The photo below was posted on Facebook in support of Connie Grumling, the Bakersfield High School principal, participating in the student led prayer. The FFRF claims their "purpose is to protect the constitutional separation between state and church", yet this letter completely violates the amendment they wish to protect. Throughout the letter, FFRF cites several cases where teachers and coaches were found guilty of violating the state and church separation while claiming that "district staff should be reminded that they cannot plan, promote, or participate in any religious events". And that's where the deception trickles in. Any good lie includes 75% truth and this lie is no exception. Public school employees are not allowed to plan and promote religious events (that the 75%), but to exclude them from participation in religious events is a direct violation of the Bill of Rights third amendment which provides true protection of state and church separation. The state is not allowed to promote or prohibit the religious expression of anyone, including government employees. Connie Grumling, the principal, did not organize or lead the prayer. In fact, in the photo you can clearly see the student who is leading the prayer. Additionally, no individual citizen of the United States forfeits their individual rights because of their government position. We are all entitled to freedoms protected by our Constitution.

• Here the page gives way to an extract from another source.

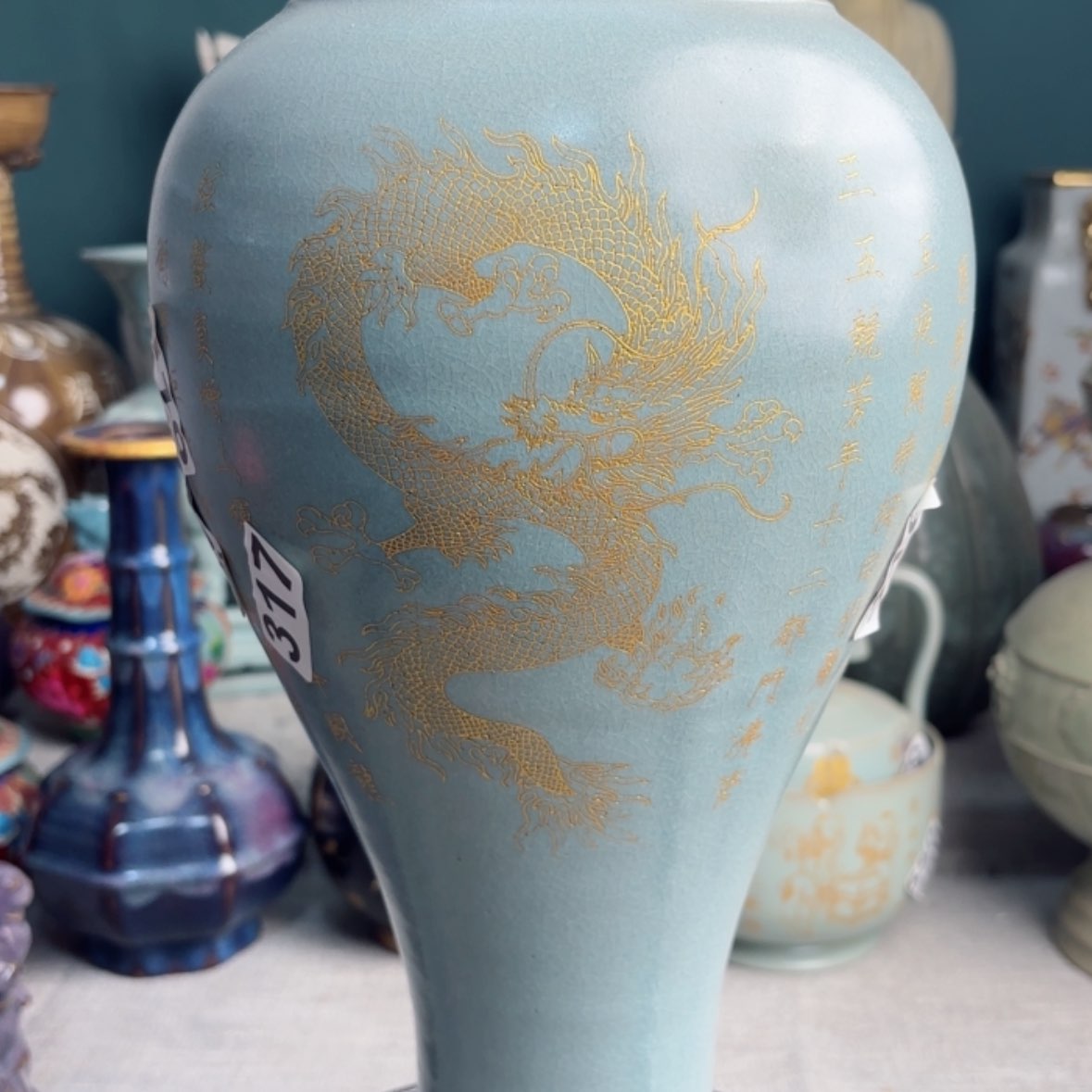 【闪购商品】瓷器摆件…………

The legal cases the FFRF cites as evidence collapse on their own merit. The cases cited are in reference to teachers and coaches who had part in the planning and/or the leading of the religious events. That is what caused the violation, not the participation in the events. The leading and organizing of the events - they even point this out in their letter. The irony in this whole situation is that while the FFRF claims its purpose is to protect the Constitution, they trample on the rights of the individual whom the Constitution exists to protect.